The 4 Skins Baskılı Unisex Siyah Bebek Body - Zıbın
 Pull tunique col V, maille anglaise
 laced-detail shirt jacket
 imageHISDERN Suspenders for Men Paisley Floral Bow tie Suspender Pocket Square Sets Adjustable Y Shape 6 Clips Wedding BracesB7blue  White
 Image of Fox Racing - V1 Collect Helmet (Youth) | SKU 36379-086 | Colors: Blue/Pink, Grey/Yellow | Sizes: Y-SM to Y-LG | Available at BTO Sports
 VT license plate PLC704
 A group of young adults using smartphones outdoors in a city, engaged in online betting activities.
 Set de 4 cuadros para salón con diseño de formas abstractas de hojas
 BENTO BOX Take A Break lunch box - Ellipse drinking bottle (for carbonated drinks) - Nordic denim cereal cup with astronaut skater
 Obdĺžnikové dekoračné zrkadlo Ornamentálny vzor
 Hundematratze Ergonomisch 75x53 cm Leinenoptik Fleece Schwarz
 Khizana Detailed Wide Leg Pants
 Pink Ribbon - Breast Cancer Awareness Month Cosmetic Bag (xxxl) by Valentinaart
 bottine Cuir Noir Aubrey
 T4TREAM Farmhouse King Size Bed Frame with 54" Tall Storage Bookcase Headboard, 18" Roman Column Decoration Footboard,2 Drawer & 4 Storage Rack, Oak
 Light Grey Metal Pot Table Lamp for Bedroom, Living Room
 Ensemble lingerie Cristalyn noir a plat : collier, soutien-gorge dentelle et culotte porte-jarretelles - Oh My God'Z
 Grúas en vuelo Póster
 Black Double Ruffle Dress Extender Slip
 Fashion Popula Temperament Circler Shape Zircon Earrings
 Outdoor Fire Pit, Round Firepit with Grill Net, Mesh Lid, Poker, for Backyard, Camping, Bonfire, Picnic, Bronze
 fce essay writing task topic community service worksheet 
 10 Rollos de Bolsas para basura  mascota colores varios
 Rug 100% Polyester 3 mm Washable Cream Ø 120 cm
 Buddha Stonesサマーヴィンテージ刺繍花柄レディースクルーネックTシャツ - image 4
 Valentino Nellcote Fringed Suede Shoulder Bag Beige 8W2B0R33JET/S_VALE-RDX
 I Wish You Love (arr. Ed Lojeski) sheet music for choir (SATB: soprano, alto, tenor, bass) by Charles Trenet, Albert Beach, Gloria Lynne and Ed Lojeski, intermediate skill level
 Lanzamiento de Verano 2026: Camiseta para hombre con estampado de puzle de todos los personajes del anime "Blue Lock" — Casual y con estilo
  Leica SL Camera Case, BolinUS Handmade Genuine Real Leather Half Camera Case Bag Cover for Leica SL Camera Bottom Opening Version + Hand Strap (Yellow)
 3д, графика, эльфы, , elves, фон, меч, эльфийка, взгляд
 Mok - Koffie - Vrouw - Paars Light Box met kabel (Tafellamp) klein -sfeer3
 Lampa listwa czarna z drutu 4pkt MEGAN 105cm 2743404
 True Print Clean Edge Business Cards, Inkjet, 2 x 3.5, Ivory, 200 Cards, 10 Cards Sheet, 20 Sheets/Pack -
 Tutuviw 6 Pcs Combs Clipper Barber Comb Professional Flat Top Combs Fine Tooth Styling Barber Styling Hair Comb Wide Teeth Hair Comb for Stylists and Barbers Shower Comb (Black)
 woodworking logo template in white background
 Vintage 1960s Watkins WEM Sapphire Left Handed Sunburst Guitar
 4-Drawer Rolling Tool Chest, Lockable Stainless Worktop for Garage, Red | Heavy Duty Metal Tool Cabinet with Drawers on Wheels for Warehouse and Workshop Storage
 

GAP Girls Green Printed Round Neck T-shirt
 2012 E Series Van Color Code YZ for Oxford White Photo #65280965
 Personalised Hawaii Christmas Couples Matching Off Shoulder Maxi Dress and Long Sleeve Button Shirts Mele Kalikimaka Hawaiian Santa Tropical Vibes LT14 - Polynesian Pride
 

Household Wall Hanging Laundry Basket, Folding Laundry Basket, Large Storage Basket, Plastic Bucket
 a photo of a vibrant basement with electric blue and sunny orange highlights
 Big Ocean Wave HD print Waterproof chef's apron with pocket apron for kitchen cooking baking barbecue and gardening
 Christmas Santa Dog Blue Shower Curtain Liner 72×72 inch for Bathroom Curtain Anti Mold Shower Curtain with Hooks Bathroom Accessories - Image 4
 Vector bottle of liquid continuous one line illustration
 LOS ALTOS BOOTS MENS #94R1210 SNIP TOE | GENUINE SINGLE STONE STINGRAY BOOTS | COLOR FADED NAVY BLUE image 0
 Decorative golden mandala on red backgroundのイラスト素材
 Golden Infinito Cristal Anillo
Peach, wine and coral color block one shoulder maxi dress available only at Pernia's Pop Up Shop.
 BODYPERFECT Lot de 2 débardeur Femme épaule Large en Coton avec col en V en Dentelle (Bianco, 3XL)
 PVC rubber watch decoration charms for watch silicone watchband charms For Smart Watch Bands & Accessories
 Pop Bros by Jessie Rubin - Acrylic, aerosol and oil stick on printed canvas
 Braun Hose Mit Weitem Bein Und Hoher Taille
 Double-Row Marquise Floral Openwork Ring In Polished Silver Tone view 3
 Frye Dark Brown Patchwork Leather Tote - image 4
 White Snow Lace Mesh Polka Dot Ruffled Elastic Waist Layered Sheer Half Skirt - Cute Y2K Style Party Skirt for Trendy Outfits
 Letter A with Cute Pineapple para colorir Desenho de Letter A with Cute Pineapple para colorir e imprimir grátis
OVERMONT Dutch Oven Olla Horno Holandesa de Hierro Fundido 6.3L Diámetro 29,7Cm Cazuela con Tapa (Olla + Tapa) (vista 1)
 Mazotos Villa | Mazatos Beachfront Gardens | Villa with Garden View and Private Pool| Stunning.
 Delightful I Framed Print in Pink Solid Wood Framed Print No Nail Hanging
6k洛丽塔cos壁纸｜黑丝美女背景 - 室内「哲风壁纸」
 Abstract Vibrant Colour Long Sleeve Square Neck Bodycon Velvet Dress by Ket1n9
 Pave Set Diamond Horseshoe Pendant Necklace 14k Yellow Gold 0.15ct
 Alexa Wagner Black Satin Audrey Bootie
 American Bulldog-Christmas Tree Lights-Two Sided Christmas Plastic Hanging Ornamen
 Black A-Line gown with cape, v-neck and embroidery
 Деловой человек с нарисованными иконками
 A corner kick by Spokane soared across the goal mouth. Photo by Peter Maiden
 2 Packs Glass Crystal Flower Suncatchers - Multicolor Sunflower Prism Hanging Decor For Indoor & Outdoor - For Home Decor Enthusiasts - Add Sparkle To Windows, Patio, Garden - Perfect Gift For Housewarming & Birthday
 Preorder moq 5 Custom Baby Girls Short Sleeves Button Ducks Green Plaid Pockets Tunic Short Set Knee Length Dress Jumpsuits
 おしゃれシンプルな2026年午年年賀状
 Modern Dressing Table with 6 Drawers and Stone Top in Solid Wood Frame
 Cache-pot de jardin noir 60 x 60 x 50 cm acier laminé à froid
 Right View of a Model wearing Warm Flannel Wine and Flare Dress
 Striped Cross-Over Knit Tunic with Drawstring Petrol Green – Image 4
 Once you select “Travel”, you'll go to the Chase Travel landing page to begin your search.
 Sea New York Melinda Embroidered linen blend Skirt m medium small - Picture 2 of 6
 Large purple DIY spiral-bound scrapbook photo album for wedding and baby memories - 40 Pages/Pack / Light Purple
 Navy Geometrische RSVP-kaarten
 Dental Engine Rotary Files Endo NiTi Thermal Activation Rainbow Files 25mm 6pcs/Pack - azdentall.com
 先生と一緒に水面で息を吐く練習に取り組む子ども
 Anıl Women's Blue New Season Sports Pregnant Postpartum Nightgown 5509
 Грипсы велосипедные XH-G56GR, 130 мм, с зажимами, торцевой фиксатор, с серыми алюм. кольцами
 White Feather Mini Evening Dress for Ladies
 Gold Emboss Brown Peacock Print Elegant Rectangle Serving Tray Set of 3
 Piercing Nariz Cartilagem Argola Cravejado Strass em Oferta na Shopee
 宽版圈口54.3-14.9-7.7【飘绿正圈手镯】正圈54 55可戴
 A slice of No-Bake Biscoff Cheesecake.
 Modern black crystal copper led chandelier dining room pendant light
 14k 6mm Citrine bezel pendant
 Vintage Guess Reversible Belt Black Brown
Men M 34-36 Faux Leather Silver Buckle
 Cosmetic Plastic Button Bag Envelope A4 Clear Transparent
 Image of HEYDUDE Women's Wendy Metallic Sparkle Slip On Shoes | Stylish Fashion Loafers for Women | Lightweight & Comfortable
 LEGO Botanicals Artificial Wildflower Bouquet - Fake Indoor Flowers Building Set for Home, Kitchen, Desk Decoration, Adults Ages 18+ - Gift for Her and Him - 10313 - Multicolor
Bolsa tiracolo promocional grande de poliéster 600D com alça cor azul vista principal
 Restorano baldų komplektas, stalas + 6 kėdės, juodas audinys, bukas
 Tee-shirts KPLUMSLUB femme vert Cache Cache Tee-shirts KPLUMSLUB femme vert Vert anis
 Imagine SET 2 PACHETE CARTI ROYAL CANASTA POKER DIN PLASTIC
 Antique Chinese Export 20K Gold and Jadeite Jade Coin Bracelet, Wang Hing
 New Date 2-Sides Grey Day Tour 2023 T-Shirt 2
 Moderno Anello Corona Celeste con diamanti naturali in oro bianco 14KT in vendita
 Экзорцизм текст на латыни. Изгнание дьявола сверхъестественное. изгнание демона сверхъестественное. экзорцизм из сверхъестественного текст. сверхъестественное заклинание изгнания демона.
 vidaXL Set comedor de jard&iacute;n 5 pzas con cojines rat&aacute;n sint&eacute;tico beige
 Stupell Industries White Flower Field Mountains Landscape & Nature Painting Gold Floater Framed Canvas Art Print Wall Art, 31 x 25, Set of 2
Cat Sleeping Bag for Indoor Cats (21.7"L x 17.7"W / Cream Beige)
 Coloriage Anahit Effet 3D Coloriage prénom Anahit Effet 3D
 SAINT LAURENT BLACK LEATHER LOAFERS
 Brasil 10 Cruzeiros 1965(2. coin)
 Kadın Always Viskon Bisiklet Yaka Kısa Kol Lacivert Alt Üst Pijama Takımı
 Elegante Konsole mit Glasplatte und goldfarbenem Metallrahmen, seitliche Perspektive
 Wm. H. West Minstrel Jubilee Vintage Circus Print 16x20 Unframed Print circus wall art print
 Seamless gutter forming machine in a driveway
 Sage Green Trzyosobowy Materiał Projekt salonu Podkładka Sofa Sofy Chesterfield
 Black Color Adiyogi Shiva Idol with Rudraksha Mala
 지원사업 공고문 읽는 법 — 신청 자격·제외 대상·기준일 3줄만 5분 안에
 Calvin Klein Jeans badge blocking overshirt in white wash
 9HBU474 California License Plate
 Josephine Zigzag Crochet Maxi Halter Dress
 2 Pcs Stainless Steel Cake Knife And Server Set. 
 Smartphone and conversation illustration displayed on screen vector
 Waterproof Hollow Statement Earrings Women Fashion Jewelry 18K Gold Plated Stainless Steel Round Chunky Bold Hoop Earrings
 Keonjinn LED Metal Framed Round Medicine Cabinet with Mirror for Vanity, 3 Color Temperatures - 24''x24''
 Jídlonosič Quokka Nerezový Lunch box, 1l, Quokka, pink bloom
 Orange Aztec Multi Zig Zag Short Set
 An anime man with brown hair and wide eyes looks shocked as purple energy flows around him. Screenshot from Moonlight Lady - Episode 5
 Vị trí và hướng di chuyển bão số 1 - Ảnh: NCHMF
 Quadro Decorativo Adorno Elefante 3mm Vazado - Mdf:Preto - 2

***

WHAT IS BEING ASKED: Begin at the line above that has "Dental Engine Rotary" and stop after the line that has "Gold Emboss Brown", copying each line exactly and adding nothing else.

EXERCISE ANSWER:
 Dental Engine Rotary Files Endo NiTi Thermal Activation Rainbow Files 25mm 6pcs/Pack - azdentall.com
 先生と一緒に水面で息を吐く練習に取り組む子ども
 Anıl Women's Blue New Season Sports Pregnant Postpartum Nightgown 5509
 Грипсы велосипедные XH-G56GR, 130 мм, с зажимами, торцевой фиксатор, с серыми алюм. кольцами
 White Feather Mini Evening Dress for Ladies
 Gold Emboss Brown Peacock Print Elegant Rectangle Serving Tray Set of 3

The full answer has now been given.